Grey-level zone variance (GLZV) is a grey-level size zone matrix (GLSZM)-based descriptor that quantifies the variance in the number of zones over the grey levels [22]. We found smaller values for the BME group, and higher values for the INJ group when the descriptor is calculated on the STIR protocol ROIs.

Those findings implied deviations in ROI texture as extracted from PD-FSE and STIR sequences. In relation to PD-FSE sequences, we discovered that the BME ROIs exhibit greater local contrast and diversity in structures compared to the OST ROIs, while the INJ ROIs lie in between. Regarding the STIR sequences, the BME ROIs exhibit enhanced homogeneity in signal intensity levels and reduced variation in the local pixel zones compared to the INJ ROIs. On the other hand, the OST ROIs demonstrate intermediate results. Texture variations may originate from the necrosis, fibrosis, and trabeculae differentiations [3] and local subchondral changes in BMLs [8,41].

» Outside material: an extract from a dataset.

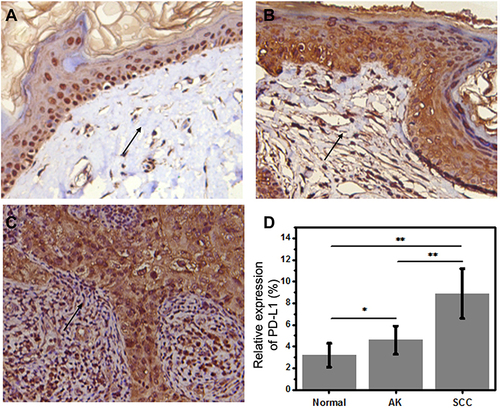 Figure 2 Immunohistochemical staining of expression of the PD-L1 molecule in different skin tissues (IHC). (A) PD-L1 negative expression in normal skin tissues. (B and C) PD-L1 positive expression in actinic keratosis and cSCC tissues. Magnification: 400×. (D) PD-L1 level as shown by a secondary scoring system. Arrows show the expression of PD-L1 in the tissue. (*P<0.05; **P<0.01).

The division of data into groups was based on radiological findings and this could be considered a limitation of the method. For a more robust approach, arthroscopic findings would be helpful.

Future work may involve identifying and evaluating any textural changes following bone defect fillings. In particular, the integration of biomaterials with the surrounding bone can be analyzed through MRI texture analysis [42]. A successful filling should exhibit a texture that closely resembles the adjacent healthy bone tissue. Furthermore, MRI texture analysis may facilitate the monitoring of integration progress. This might be valuable in order to comprehend how well the filling material acclimates to the mechanical stresses and biological environment of the bone [43]. Changes in texture over time may suggest whether the integration is getting better or whether there are complications such as fibrosis or inflammation. Lastly, MRI texture analysis could be used to compare the integration of diverse filling materials. This might help the selection of appropriate materials for an individual patient and the optimization of treatment protocols.

4. Conclusions

In conclusion, under the concept that changes in the subchondral bone microenvironment may be captured by studying textural image properties, we found that the study of bone marrow edema in MRI knee images through texture analysis and machine learning methods holds significant promise in the field of musculoskeletal medicine. Radiomics analysis may provide a non-invasive and quantitative means of assessing the spatial distribution and heterogeneity of bone marrow edema, aiding in its early detection and characterization. As technology and methodologies continue to advance, the integration of radiomic analysis and machine learning methods into clinical practice is likely to play an increasingly vital role in the management of knee joint conditions.